Foi assim: a porta se abriu e eu vi você. E ver você ali do outro lado foi tão indiferente quanto se ninguém jamais tivesse apertado a campainha. Na verdade, a situação toda não era nada mais que a representação exata de como estava meu coração: fechado, indiferente, inconsciente, e abrir a porta dele não quer dizer que vá mudar alguma coisa.

Sua imagem de garoto perdido clamando por atenção não mudou nada na minha vida, vontades, desejos e sentimentos. O que mudou foi o nível de álcool no meu sangue, mas acredito que não tenha sido ele o responsável por tanta química.

Pra ser sincera, estou farta de sofrimentos e medos alheios, cansada de ter que segurar um edifício inteiro com meu esforço. Em alguma esquina escura da história seremos de novo e eu vou voltar pra casa com uma sensação de dever cumprido.

Naquela noite você suscitou em mim o que estava morto, desacreditado. Uma esperança apagada de um recomeço que você me assegurou não existir. Mas é que minhas mãos estão tão calejadas e meus ombros tão exaustos que eu me entreguei. Cansei de ir contra a maré, maré essa que corre ao nosso favor.

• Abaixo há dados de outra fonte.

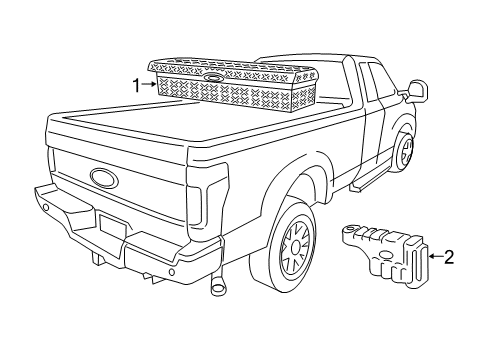 2020 Ford F-250 Super Duty Storage Compartment Diagram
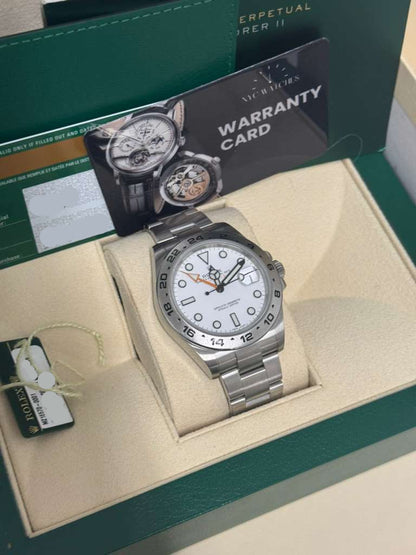 Rolex Stainless Steel Explorer II Watch - 42 MM - Oyster Bracelet - White Dial - 216570-0001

Não há o que temer? Quanta hipocrisia, há muito o que temer. Ambos sofreram. Ambos vivemos e é por isso que o sofrimento nos alcançou. Sei que nos encontramos no momento certo da história errada. O sol brilhou na hora de dormir, garoto... Eu bem vi.

Contrariar cansa, cansa e deteriora os átomos do meu corpo que tem passado os dias com imensa loucura e vontade de se chocarem com os átomos do teu corpo.

Teu corpo...

Percebi teus olhos desviando dos meus e vi que você sofre do mesmo mal que eu: o mal do medo, da casca, da precaução. O mal de querer ser mau após o sofrimento, a exposição, o fim... Só que aquilo que você vive hoje eu já vivi faz tempo, e já vou avisando pro bem de nós dois: sofrer cansa, mas impreterivelmente nos faz querer amar de novo. A gente não pode deixar de amar, garoto. Não pode se deixar levar por todas essas pessoas que não nos amaram de volta. É por isso que nos encontramos nessa esquina escura. Apagaram as luzes da rua e até as estrela se ausentaram para que fosse mais difícil te enxergar. Mas na sala daquele apartamento, naquela noite chuvosa, eu te percebi. Reconheci os meus e os teus medos no teu toque, no teu jeito acanhado de procurar meus lábios, de me fazer lembrar que somos o resto daquilo que um dia fora inteiro... Mas tenho fé, sabe garoto? Talvez sejamos nós as luzes da rua, as estrelas desaparecidas. Talvez sejamos nós o brilho de nós dois e nem saibamos. O ocultismo do amanhã me faz querer um hoje vivido tão intensamente que meu coração se (re)partiu na única noite que tivemos juntos, naquela sala, atrás daquela porta que algumas horas antes abriu caminho para que você entrasse na minha consciência. Não é amor, mas pode ser. É medo, angústia e sofrimento, mas pode não ser mais. Tira essa armadura, garoto, que eu tiro a minha. Faço-me violável se você fizer o mesmo. Talvez sejam as armaduras que ofuscam as luzes que somos, luzes que só vão brilhar quando não formos mais alheios, e sim um só. A rua é bonita, menino. Eu já vi. Já fui luz, você também. Cansei do breu, do vazio, do impertinente. Quero te cuidar, te mimar, quero até te amar. Mas tem que ser recíproco, garoto. Senão seremos mais escuros que todas as esquinas da cidade, e eu preciso que você aconteça em mim, preciso acontecer em você. Vamos fazer essa cidade brilhar.